→ Data block
------------------------------------

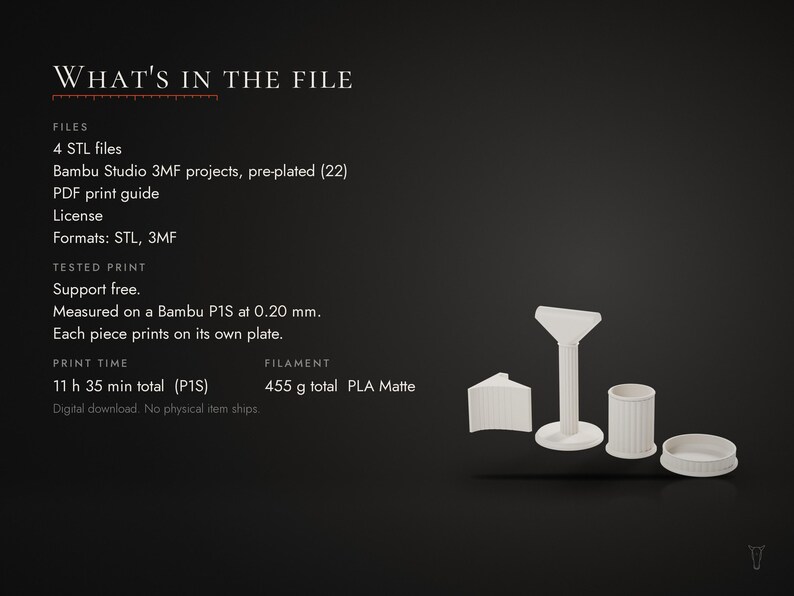 May include: A digital download listing titled WHAT'S IN THE FILE containing 4 STL files, Bambu Studio 3MF projects, and a PDF print guide. The image displays four white 3D printed objects including a fluted column, a cylinder, and a tray.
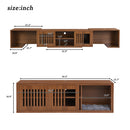 Mid-Century Modern 2 in 1 PET FRIENDLY  Walnut TV Stand With Extendable table Soft cushion Sliding door Cat friendly furniture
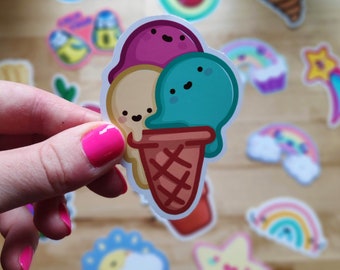 Naklejka Kawaii Ice Cream - 3,5-calowa wycinana naklejka - Słodka naklejka z lodami - Naklejki na laptopa - Naklejka na telefon - Kawaii Food - Słodka żywność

------------------------------------

→ Problem to solve
Exactly the lines from the one with "Mid-Century Modern 2" through the end of the listing above are to be repeated, with no pictures.

→ Reply to the task
 Mid-Century Modern 2 in 1 PET FRIENDLY  Walnut TV Stand With Extendable table Soft cushion Sliding door Cat friendly furniture
 Naklejka Kawaii Ice Cream - 3,5-calowa wycinana naklejka - Słodka naklejka z lodami - Naklejki na laptopa - Naklejka na telefon - Kawaii Food - Słodka żywność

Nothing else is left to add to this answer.